Notes on things I need to find/add:

  • three worlds — http://lesswrong.com/lw/y4/three_worlds_collide_08/
  • permanence — http://en.wikipedia.org/wiki/Permanence_(novel)
  • the infinitely nested simulations story — http://qntm.org/responsibility
  • the Vinge researchers that don't know they're uploads story: http://en.wikipedia.org/wiki/The_Cookie_Monster_%28novella%29
  • http://qntm.org/transit
  • brin's uplift series
  • WWW series; need to read more of it first; http://www.wakewatchwonder.com/
  • lots of Egan
  • orion's arm

Stuff I Should Read:

  • The rest of The Passages Series
  • People have now asserted that Banks' "The Player Of Games" and "Excession" are safe (the latter was re-affirmed by someone who emailed me privately).
  • From a random emailer: You omitted Richard Morgan ("Altered Carbon", etc), Wil McCarthy (invention of faster than light replicators - a long series) and especially, Alaister Reynold (all novels incredibly good - space opera at its best).

A long aside:

Those amongst you who are familiar with these genres will notice the glaring lack of any Ian Banks, an omission so severe that I feel the need to apologize for it. I have read exactly one book by Banks, Consider Phlebas. It is one of the few books I genuinely regret having read. He seemed to have a love affair with trying to gross me out, and he succeeded admirably. There was nothing sufficiently excellent in there to make up for the horror of The Eaters. In fact, I can remember almost nothing else about the book. Apparently this is just me, because the WP article doesn't even mention that section at all. I keep asking people to reccomend Banks that they are sure does not include such deliberate attempts to disgust the reader, but so for no-one has been willing to make such an assertion.

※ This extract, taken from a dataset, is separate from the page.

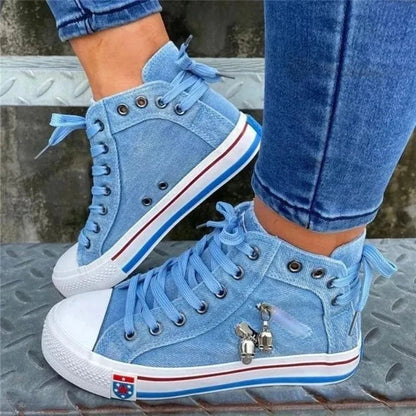 LD | Denim sneakers met witte zolen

I've gotten a lot of comments about the above, so let me expand a bit. The issue there may be totally idiosyncratic. It may be specifically about food; I made the utter error of reading The Jeweller Of Second Hand Roe recently, which is the only thing that I have ever read, that I can recall, that actually caused me nausea. It was all about food.

I am normally quite difficult to gross out; torture doesn't bother me in the slightest (I enjoy Goodkind, for example), nor does any form of explicit sex. Since I had been grossed out so thoroughly be the bits in question, I therefore concluded that Banks must have gone far out of his way to be really disgusting. Feedback I have since received leads me to belivee that, rather, I was unusually sensitive to it; so far no-one else has mentioned it as having stood out as particularily gross to them. So I'm trying to own this as my own issue at this point.

Having said all that, I would have been OK with it had the segments in question done anything to advance the plot. It was the total gratuitousness that really set my teeth on edge.